= Image-caption web data =
#####
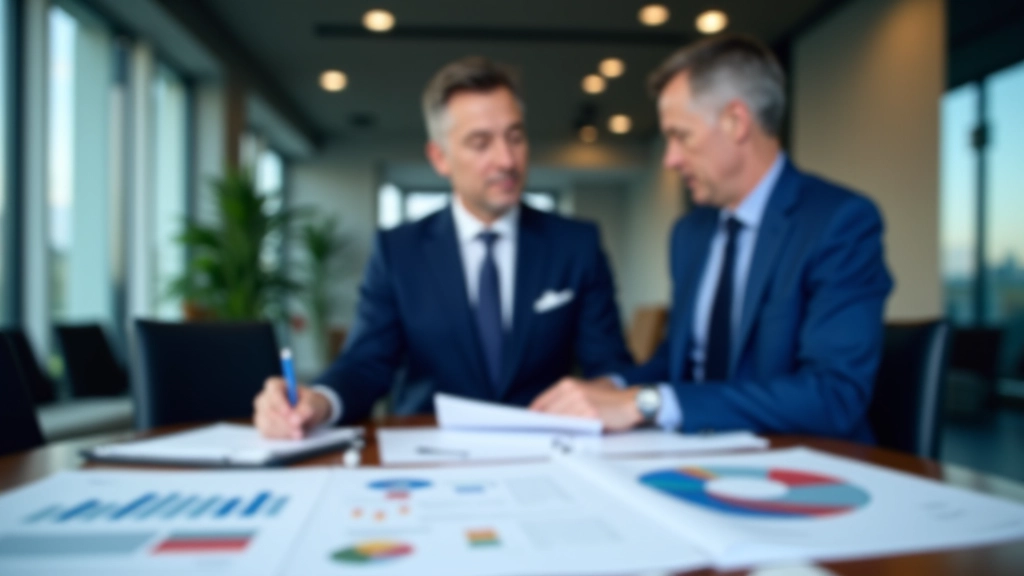 Business professionals in meeting room discussing deal structure with charts on table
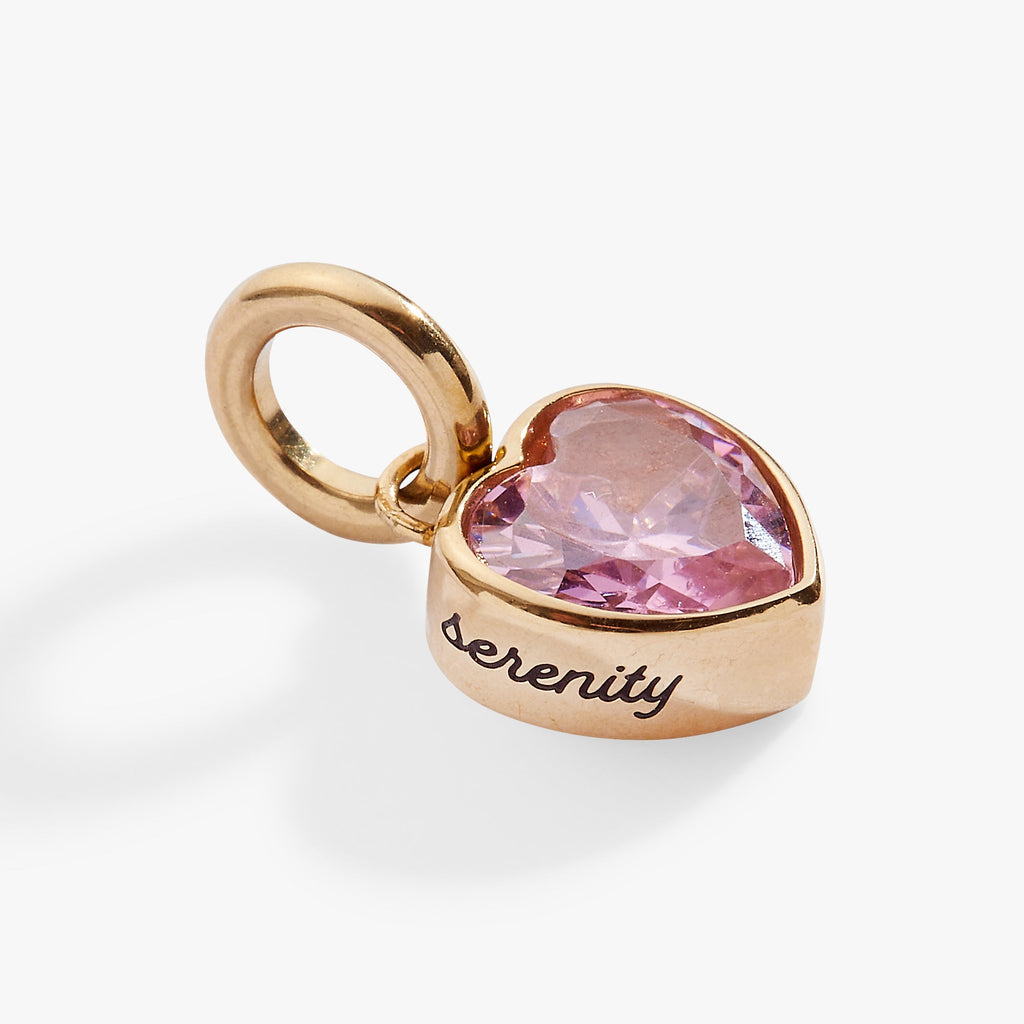 October Serenity Heart Birthstone Charm - Pink Crystal Gold Tone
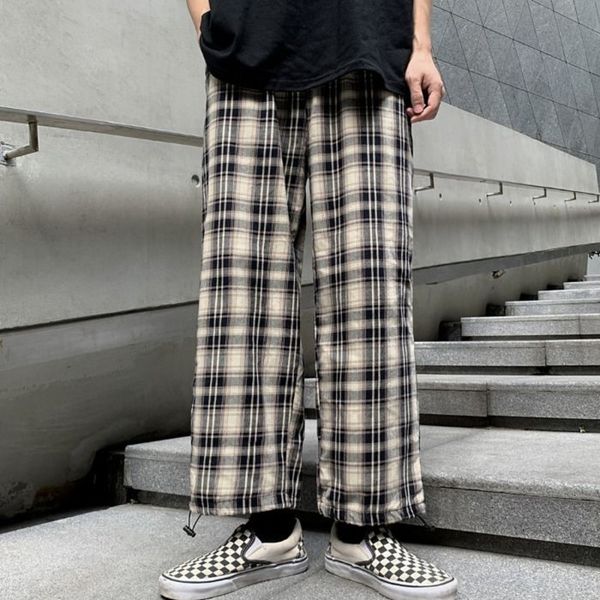 men's pants mens womens plaid fashion retro drawstring casual streetwear wild loose hip hop straight trousers male joggers, Black
men's pants mens womens plaid fashion retro drawstring casual streetwear wild loose hip hop straight trousers male joggers, Black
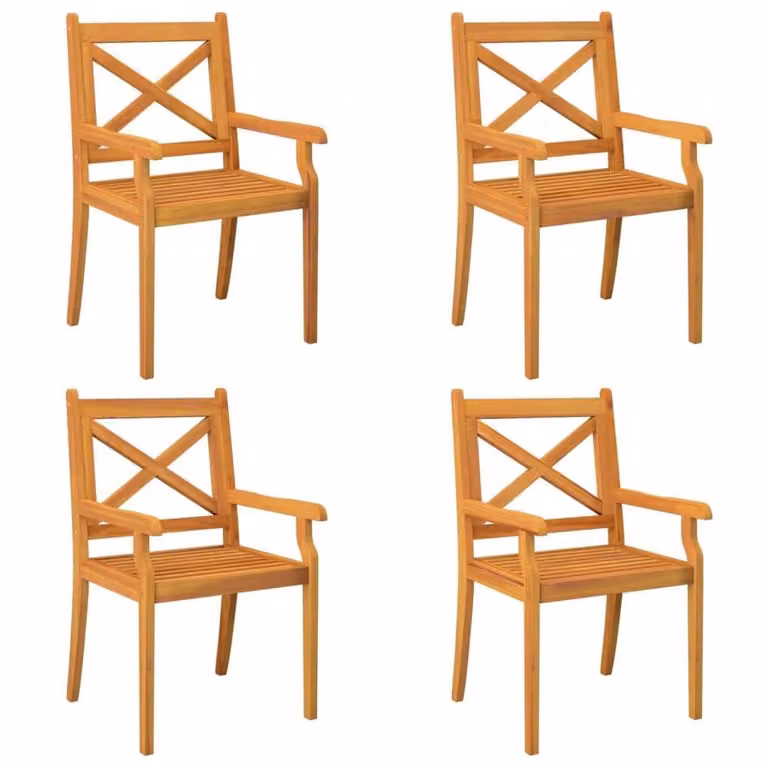 Berkfield Home Set of 4 Outdoor Dining Chairs in Brown Solid Acacia Wood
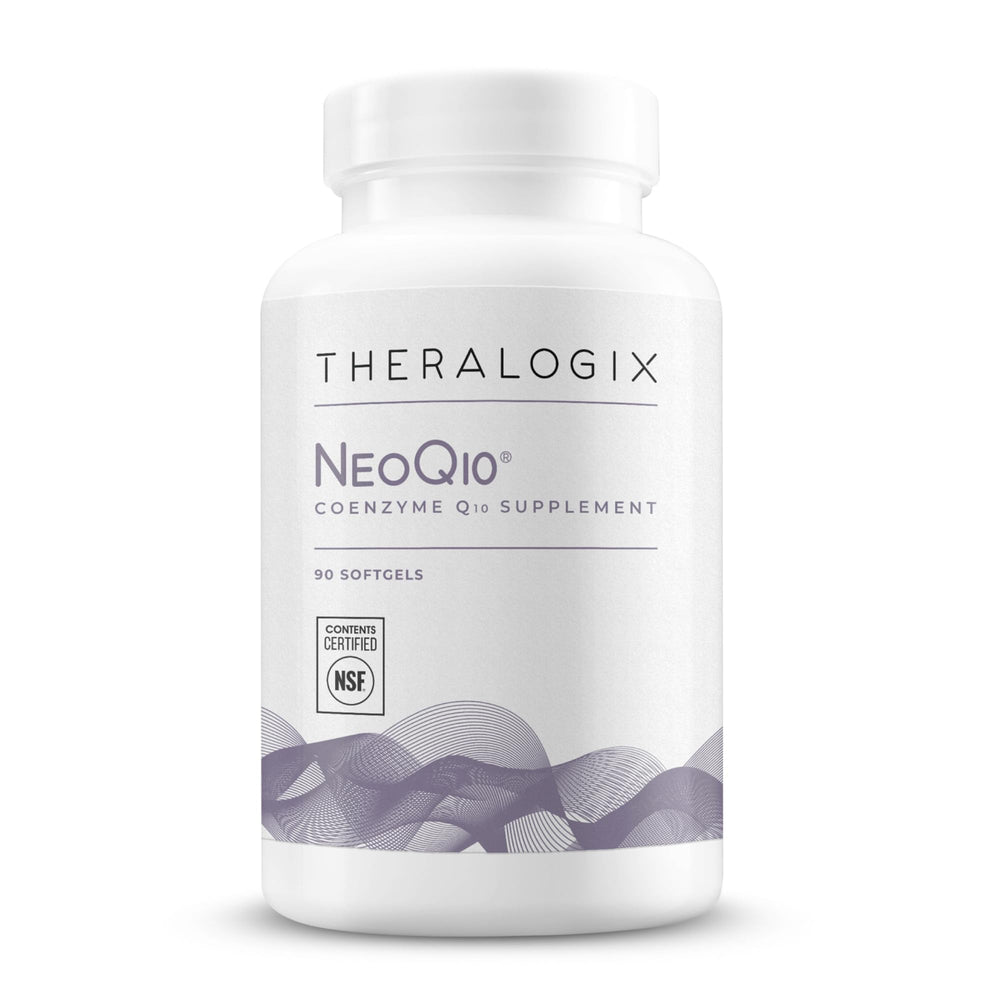 Theralogix NeoQ10 bottle front showing a daily heart health supplement.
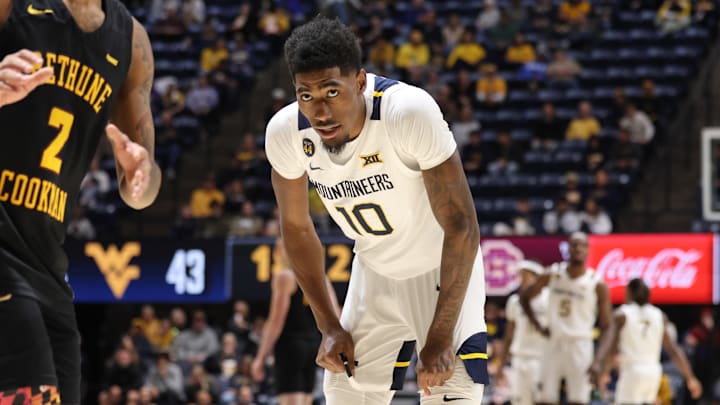 West Virginia University guard Sencire Harris West Virginia University guard Sencire Harris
#####
= Task item =
An exact repeat of all the data is required, pictures excluded.

= Response to the exercise =
 Business professionals in meeting room discussing deal structure with charts on table
 October Serenity Heart Birthstone Charm - Pink Crystal Gold Tone
 men's pants mens womens plaid fashion retro drawstring casual streetwear wild loose hip hop straight trousers male joggers, Black
men's pants mens womens plaid fashion retro drawstring casual streetwear wild loose hip hop straight trousers male joggers, Black
 Berkfield Home Set of 4 Outdoor Dining Chairs in Brown Solid Acacia Wood
 Theralogix NeoQ10 bottle front showing a daily heart health supplement.
 West Virginia University guard Sencire Harris West Virginia University guard Sencire Harris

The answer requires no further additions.